November 27th, 2019 by dk

“This really is not about money,” Facebook CEO Mark Zuckerberg insisted during a televised House hearing last month. “It is important that people can see for themselves what politicians are saying.”

Yeah, let’s go with that.

The House hearing was televised for the same reason. People should see for themselves what politicians and business leaders are saying, so they can discuss these things with those around them. Our Founding Fathers’ keenest insight centered on the public square, protecting speech and assembly for the people.

Zuckerberg points out that only a tiny sliver of Facebook’s revenue — less than one percent — comes from political advertising, so he’s correct that it’s not about money. So what is our current dilemma about, exactly? It’s about micro-targeting, and whether surveillance capitalism is compatible with our democratic ideals.

Facebook and others have traded the public square for the private corner. Three people in a room watching those House hearings on television saw the same ads. Three people in a room looking at their phones could be seeing three different sets of ads, fed from the same site. The issue is not whether people can see what advertising politicians are saying, but how completely those ads can be hidden from others.

Websites and apps can now deliver advertising messages with frightening precision. What can we do?

Ban micro-targeting, or tax it. We still have a chance to do something about this, before our economy and society have reshaped themselves. Our doorbells, our cars , and our refrigerators have begun collecting data on us. It won’t stop or slow unless we do something.

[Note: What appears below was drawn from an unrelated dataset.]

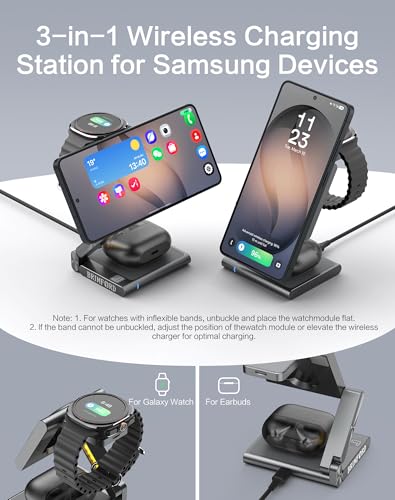 Qi2 Wireless Charging Station for Samsung Galaxy, Watch & Buds, 4 in 1 - color: Grey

Our individual dossiers are built, bought and traded for only one purpose — to sell us stuff. Political ads are designed to sell us on candidates or issues, but they are really no different from other ads. They represent the tip of the spear, and that spear is aimed at the heart of our republic — the public square, the general welfare, the common ground.

We can’t care about the same things if we don’t know about the same things. Micro-targeting must be stopped or slowed, giving society time to adapt. But how?

Start with the broadcast model. Allow advertisers to focus only their geographic reach. Ban the use of demographic or psychographic profiles. Everyone in the same room would again see the same messages. Websites and apps that don’t abide by these rules will be easily caught.

Or add a label to ads that identifies the number of limiters used for targeting. Charge a small tax on each limiter. You want to sell your razors to anyone who wants them? No extra tax. But you want your eco-friendly safety razor advertised only to young men in big cities who buy diapers, granola, a new Prius every three years? That’ll cost extra.

Remember: “It’s not really about money” — right?

By the way, politicians can show their good faith in restoring “common” to the common good by ending micro-targeting in their own realm. All public political rallies should welcome all comers — no tickets or registration required. This will solve the problem Facebook represents.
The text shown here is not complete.